Prerequisite Knowledge & Related Work

Foundational Concepts

  • Autonomous Agents (or Web Agents): These are AI systems, typically powered by an LLM, designed to perform tasks on behalf of a user by interacting with digital environments like websites. Instead of just generating text, they can take actions such as clicking buttons, filling forms, and navigating between pages to achieve a goal (e.g., "book a flight" or "find the price of this product").
  • Partially Observable Markov Decision Process (POMDP): This is a mathematical framework for modeling decision-making. In the context of a web agent, it means:
    • The agent is in a certain state (the complete status of the website and browser).
    • The agent only gets a partial observation of this state (e.g., a screenshot or the visible part of the webpage's code), not the full underlying state.
    • The agent takes an action (e.g., a click).
    • The environment transitions to a new state.
    • The agent receives a reward (in this case, a final score of 1 for success or 0 for failure).
  • Determinism: In computing, a deterministic system is one where a given input will always produce the same output. For a benchmark, this is critical. It ensures that if two different agents are given the same task on the same website, any difference in outcome is due to the agents' capabilities, not random variations in the website's content or layout.
  • Action & Observation Space:
    • Observation Space: The set of all possible information an agent can receive from the environment. In REAL, this can be a screenshot, the HTML Document Object Model (DOM), or a more structured accessibility tree.
    • Action Space: The set of all possible actions an agent can perform. This can range from high-level user actions ("click on element with ID 'login-button'") to low-level commands ("dispatch a mouse click event at coordinates (x, y)").
  • Playwright & Chrome DevTools Protocol (CDP): These are technologies for automating and controlling a web browser.
    • Playwright: A high-level library that provides simple commands to simulate user actions like clicking, typing, and navigating. It's easier to use but less powerful.
    • CDP: A low-level protocol that gives direct, fine-grained control over the Chrome browser. It allows for advanced actions like intercepting network requests, modifying the DOM on the fly, and debugging, offering maximum power and flexibility.
  • LLM-as-a-Judge: A method for evaluation where a powerful "judge" LLM (like GPT-4) is used to assess the quality of another model's output. It is given a rubric (a set of scoring criteria) and the model's response, and it outputs a score or judgment. This is useful for tasks where programmatic checks are difficult, such as evaluating the quality of a summarized text.

Previous Works

The paper situates REAL within a growing field of web agent research.
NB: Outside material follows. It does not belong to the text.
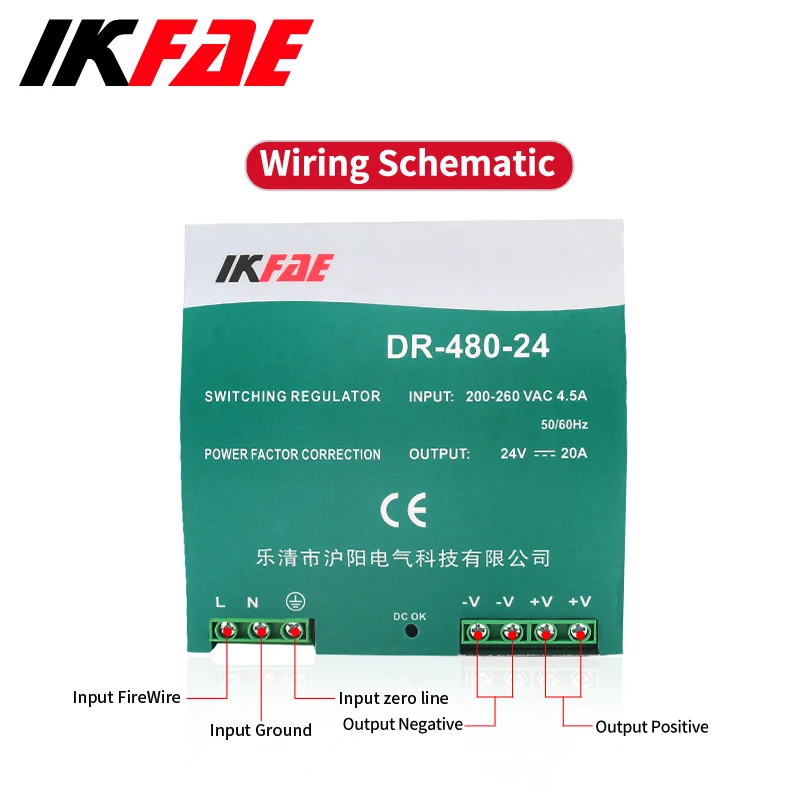 DR-480 DIN Rail Switching Power Supply 480W Input 200-260V AC to DC 24V 48V Output  Industrial Electronics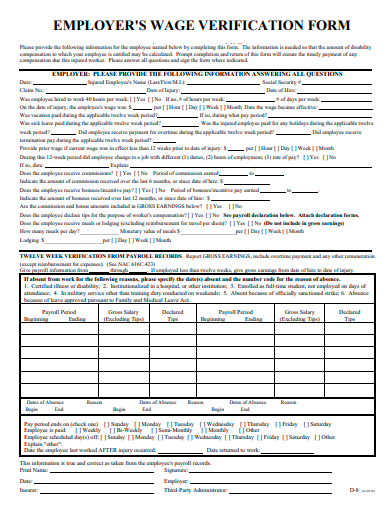 employers wage verification form template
  • Early Benchmarks: Works like MiniWoB and MiniWoB++MiniWoB++ created foundational, reproducible mini-games on web pages to test agents. However, these were often too simple and lacked real-world complexity.
  • Simulation-Based Benchmarks:
    • WebShop focused on a simulated e-commerce site, testing agents' ability to find and purchase products based on user instructions.
    • WebArena was a major inspiration for REAL, providing realistic simulations of websites. However, the authors of REAL criticize WebArena for having some artificial tasks, being "gameable" (having exploitable shortcuts), and requiring complex self-hosting.
    • Mind2Web provided a large dataset of tasks, but on a static, offline collection of websites, not a live interactive environment.
  • Specialized Benchmarks: Other benchmarks focus on specific domains, such as WorkArena for enterprise software tasks or ST-WebAgentBench for evaluating agent safety and trustworthiness.
  • Unified Interfaces: BrowserGym aims to provide a standardized interface to run agents across many different benchmarks (including WebArena and MiniWoB). REAL builds upon BrowserGym's foundational interface.
  • Web Agent Models: The paper mentions several agent architectures that could be tested on REAL, such as AgentQ (uses tree search), OpenAI's Operator (simulates mouse/keyboard), and WebDreamer (simulates action outcomes for planning).

Differentiation

REAL distinguishes itself from prior work in several key ways:

  • vs. WebArena: REAL aims for more realistic and practical tasks, uses modern web frameworks (React/Next.js), and crucially, is publicly hosted, which dramatically lowers the barrier to entry for researchers compared to WebArena's self-hosting requirement.
  • vs. Live Websites: REAL provides determinism and safety, which are impossible to guarantee on live sites like the real Amazon or United Airlines.
  • vs. BrowserGym: While REAL uses BrowserGym's interface as a foundation, its main contribution is the new set of high-fidelity environments and realistic tasks, which were not available before.
  • vs. Black-Box Systems: Unlike benchmarks that require agents to conform to a rigid action/observation space, REAL's flexible harness is explicitly designed to accommodate proprietary, closed-source agents, making it more inclusive for both academic and industrial research.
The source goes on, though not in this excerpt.